Welcome to the second edition of Dipper’s Quips, an “advice” column from the other half of this website, the dog. Expect diatribes from Dipper about the evils of squirrels and commentary on his anti-social nature. We’re not responsible for what happens if you take my dog’s “advice.”
Dear Dipper, The other day I thought I heard my owner say something sounding like “NEUTER,” though I was at the other end of the room. I’ve still got all of my, ummmm, “parts” and don’t want to lose them. Should I start planning on running away when they try to shove me in that awful “vet-box?” Or is there some sure-fire way to make my owner feel so guilty about doing that to me that it just won’t happen?
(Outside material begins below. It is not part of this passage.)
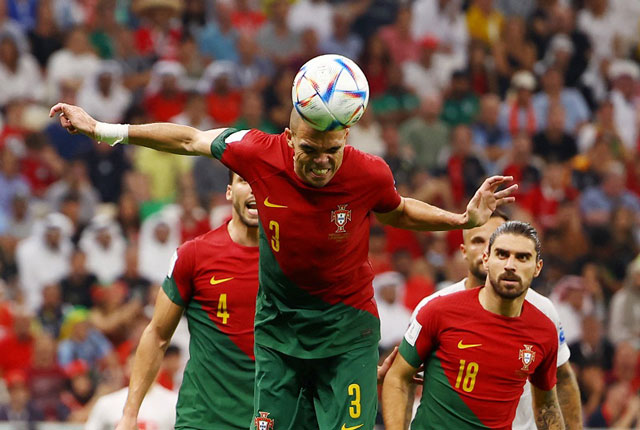 Pepe tỏa sáng với 1 bàn thắng vào lưới Thụy Sĩ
What do you think? – “Still Got ‘Em”
D: I feel you, friend, but you don’t want to run away. Take it from me, I’m a former stray. The streets are cold, loud, and filled with unkind people. Of dogs that go missing, 9 percent never make it home. That may not seem like a lot, but I wouldn’t make a one out of 10 bet that I’d never see Tori again—not even for a million bully sticks. And I don’t think you should either.
Believe it or not, we gain a lot when we lose our, um, “bits.” Try an extra few years of life to spend with your humans. Many cities, including ours, make families of unneutered animals pay higher yearly registration fees, which means less money for treats. Some parks won’t let you in if you’ve still got ’em, and as I point out in my first Dipper’s Quips, it’ll be a lot harder for you to make friends. Neutered dogs like me just don’t like the way dogs like you smell. Sorry, bud!
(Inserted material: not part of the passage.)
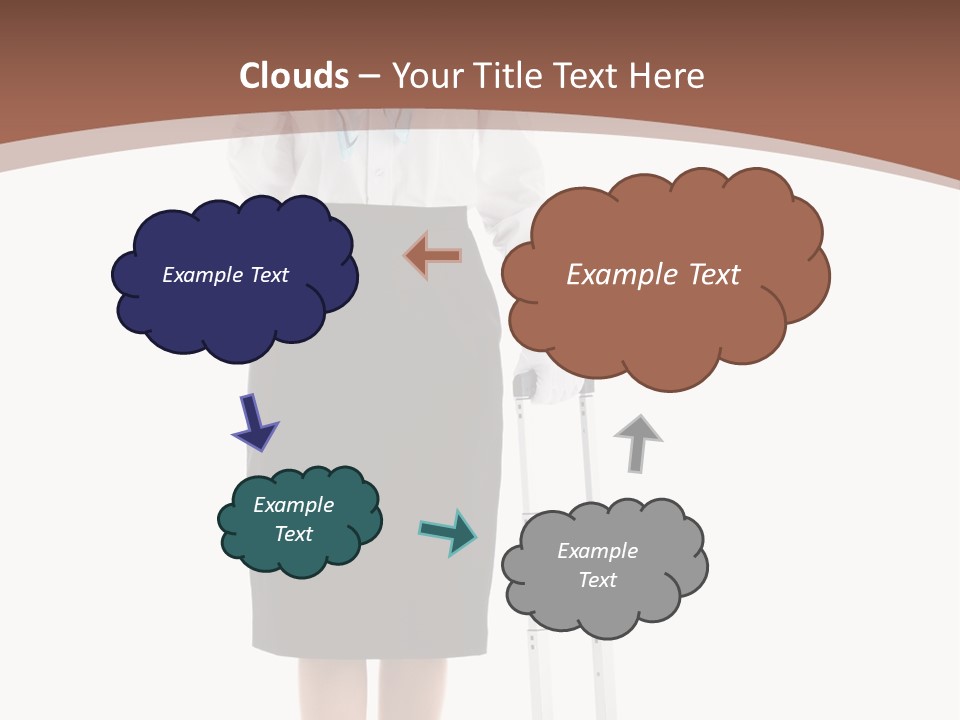 Forage Cap Stewardess Aviation PowerPoint Template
My dog Puddi is also a Silky. We’ve tried for years to find dog toys that he likes to no avail. I know you have your little bee, but what other toys or bones do you enjoy? Maybe Puddi will like them. – Devan D.
D: While our breed may explain some of our personality traits, it doesn’t mean we’re all alike in every regard—on that note, Silky Terriers unite! It’s possible that Puddi just might not be a toy kinda dog. I’m not either. While I like to bring visitors my bee(s), they only come out to play for special occasions. Like a true terrier, I do everything on my own terms, and that includes playing. With that said, I can be convinced to play when people are tossing my toys about. Have you tried that with Puddi?
I’m also partial to my busy toys. That is, toys you can fill with kibble and treats. I like to nudge my Buster Treat Ball around the apartment, and I like to work with Tori to get treats out of my Tug-A-Jug . . . I can’t quite figure that one out by myself. By playing with a treat dispensing toy, you can show Puddi that it’s fun and rewarding to spend time together. Then he may be a little more inclined to pick up a stuffed bee. Just as long as it’s not mine.